Une intégration – encore très relative – d’une alimentation plus responsable par les filières conventionnelles ne conduit pas forcément à une disparition de la critique. Au contraire, l’alimentation pourrait bien être un « cheval de Troie » de la critique des excès de la société de consommation présent dans la vie de millions de citoyens.

À partir d’informations et de pratiques alternatives liées à l’alimentation, des citoyens sont amenés à s’interroger sur d’autres aspects du système agro-alimentaire dominant, voire des politiques économiques, pour progressivement remettre en cause la société de consommation, les vertus de la croissance et la pensée économique dominante. Les « entrepreneurs de mobilisation » de la consommation critique ont trouvé dans la nourriture un outil de sensibilisation particulièrement efficace.
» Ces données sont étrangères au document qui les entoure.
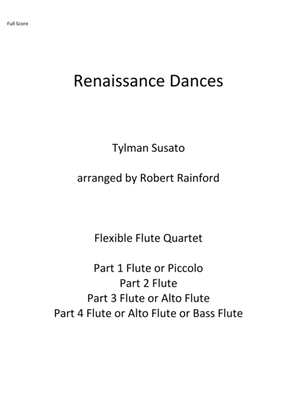 Book cover for Renaissance Dances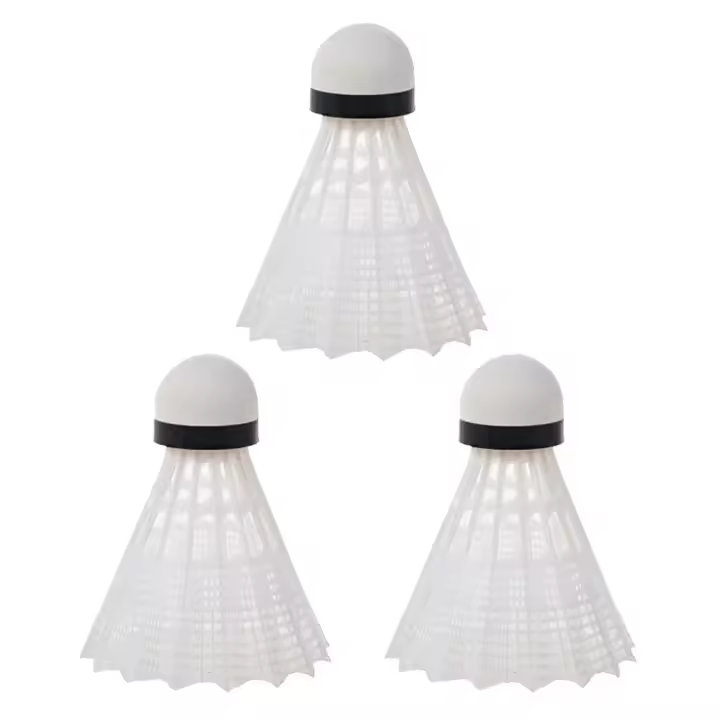 Volantes estables para bádminton, Bolas de plástico duraderas para entrenamiento de bádminton, deportes al aire libre, nailon, novedad - 1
Profondément empreint du projet de « décroissance conviviale », le mouvement des AMAP et de la consommation critique, locale et conviviale trouve l’une de ses principales origines dans une critique radicale de la société de consommation et de la croissance. Peut-il se muer en un creuset d’innovations sociales qui se propose de dépasser les tensions entre objectifs environnementaux, économiques et sociaux, voire contribuer au développement économique local ? Si le débat de la récupération par une logique marchande et le risque d’une mise en retrait de la dimension critique n’est pas spécifique au secteur de la consommation critique et de l’alimentation locale, cette tension pourrait être plus importante que dans d’autres projets d’économie sociale et solidaire.